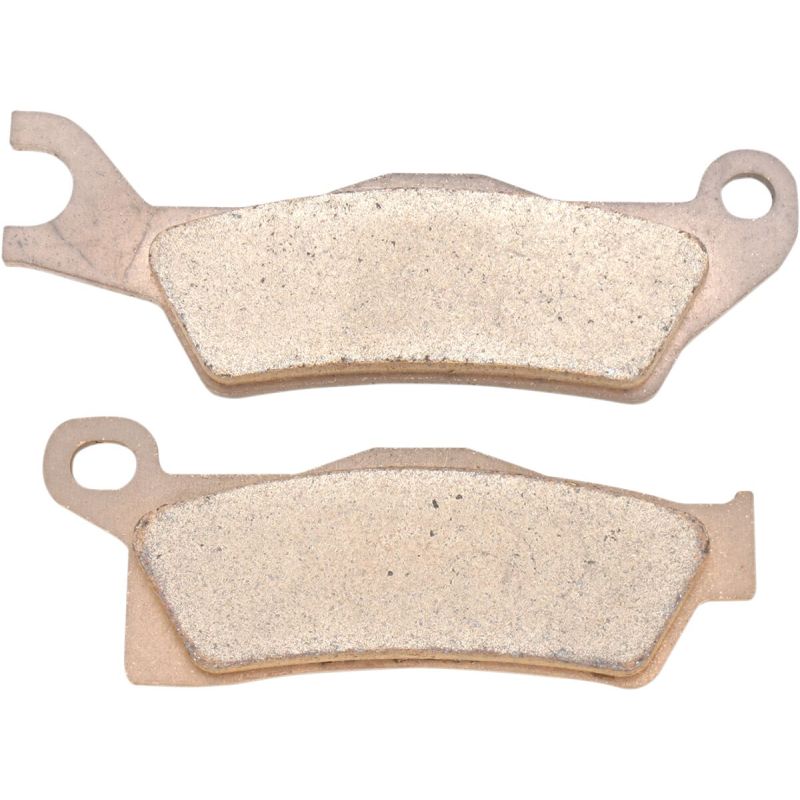 Plaquettes de frein métal fritté ATV/UTV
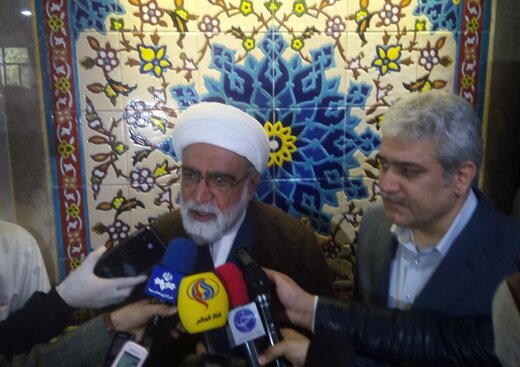 احتمال تعطیلی حرم امام رضا (ع) بخاطر کرونا وجود دارد؟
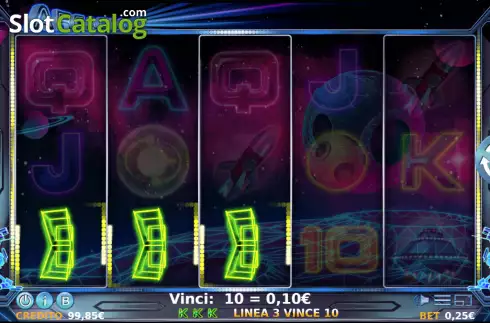 Οθόνη3. Arcadia (Seven ABC) Κουλοχέρης 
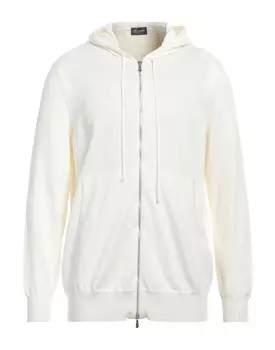 Кардиган Drumohr, белый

Exercise:
The answer should hold every line of the listing, copied exactly, with no pictures.

Solution:
 Plaquettes de frein métal fritté ATV/UTV
 احتمال تعطیلی حرم امام رضا (ع) بخاطر کرونا وجود دارد؟
 Οθόνη3. Arcadia (Seven ABC) Κουλοχέρης 
 Кардиган Drumohr, белый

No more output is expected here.